Good to look at the Atlantic Monthy The Real State of the Union. Many good articles, and stuff to analyze.

For example

According to Farber's analysis of the most recent Displaced Workers Survey from the Bureau of Labor Statistics, covering 1999 through 2001, shows that workers with more than sixteen years of education saw an average reduction in income of roughly 23 percent upon finding new jobs; in the mid-1990s the reduction averaged only 12 percent.

This shows why firing and rehiring is logical for organizations. Universitites denyng tenure and hiring a younger faculty member would be a good example.

and

 (One recent study found that U.S. financial-service firms are planning to move more than 500,000 jobs—or eight percent of the total work force in that sector—offshore within the next five years. These relocations will include higher-status, higher-income jobs than such transfers have typically included in the past; jobs in financial analysis, research, accounting, and graphic design are among those expected to be moved offshore.)

If the lead article is to be believed, economically things are not only not bad, but pretty good, *now*. Trends are harder.

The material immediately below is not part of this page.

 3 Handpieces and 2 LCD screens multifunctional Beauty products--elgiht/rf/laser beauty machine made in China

At the moment it appears to be an open question whether in the coming years the middle class and the poor will advance quickly (as they did in the late 1990s) or stagnate (as they did throughout much of the 1970s and 1980s). We're poised on the cusp between broad-based wealth creation and stagnation: while productivity growth has helped keep wages rising for the employed, immigration and the continued movement of jobs to offshore locations weakens the labor market and depresses wages. Given the continuing rapid pace of innovation and productivity growth, it appears likely that broad-based income gains will eventually resume, and that the prevailing conditions of the next several years will more closely resemble those of the late 1990s than those of the 1970s. But for that to be assured of happening, unemployment will need to drop significantly below six percent. And however much the typical middle- or working-class family sees its income rise on an absolute basis, the incomes of the richest families will likely improve even faster.

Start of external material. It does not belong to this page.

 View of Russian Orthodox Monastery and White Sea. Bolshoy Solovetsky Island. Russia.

But then look at this. Worker insurance against job loss. But what he misses is that such a program earns fees which have to be paid by someone, and it genrates profit, which goes to...?  It doesn't add up.

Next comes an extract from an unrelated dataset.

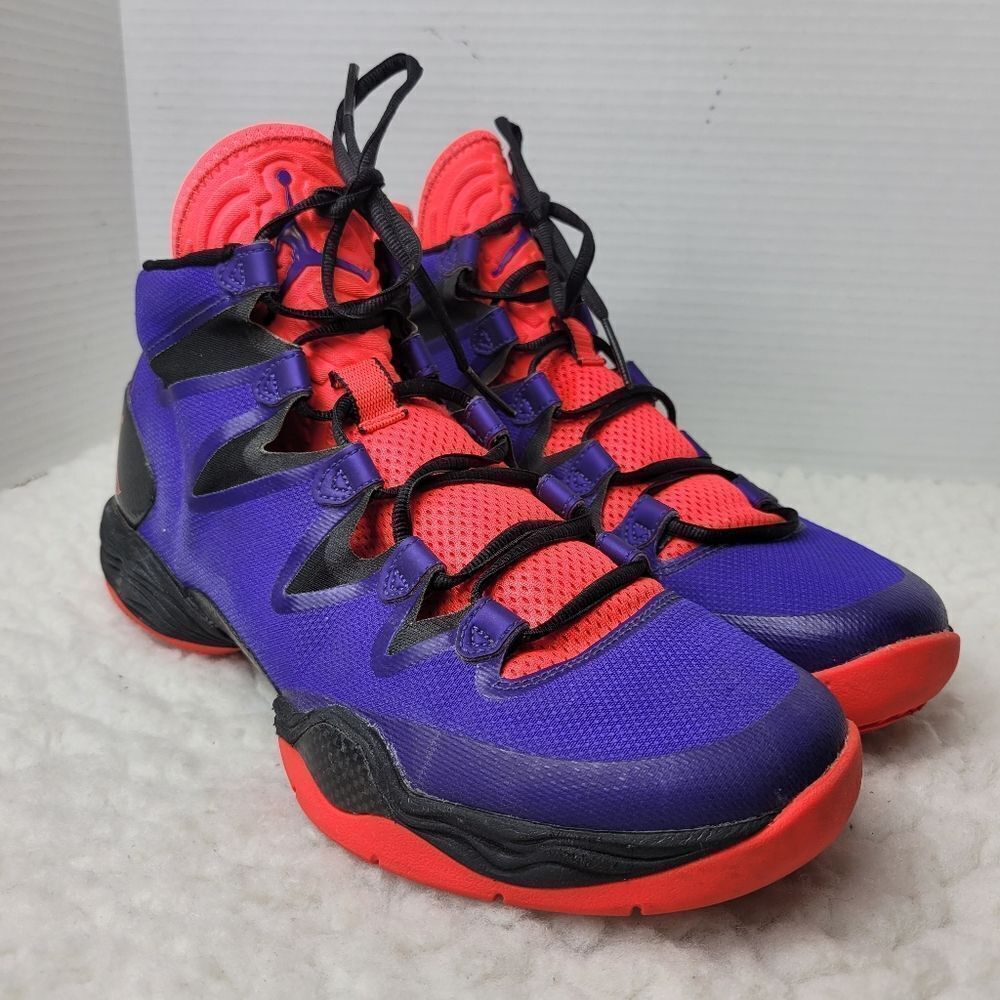 Kids Purple and Red Athletic ShoesNike Air Jordan 28 XXVIII Raptors Mismatched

A more radical variation on this concept comes from Robert Shiller, an economist at Yale, who believes that continuing financial-market innovations may soon enable private insurers to offer "livelihood insurance" that could protect workers from potential declines in their occupations (though not against an individual worker's underperformance within a flourishing field). Similar products might insure against the eventual devaluation of specific academic degrees in the United States (such as those in software engineering or Russian language), or even against declines in the performance of the U.S. economy as a whole, relative to the rest of the world. (As Shiller notes, the fact that the past century was a good one for America does not necessarily mean that the next one will be.) Collectively, these products might lessen the large and arguably increasing risks inherent in the U.S. capitalist system.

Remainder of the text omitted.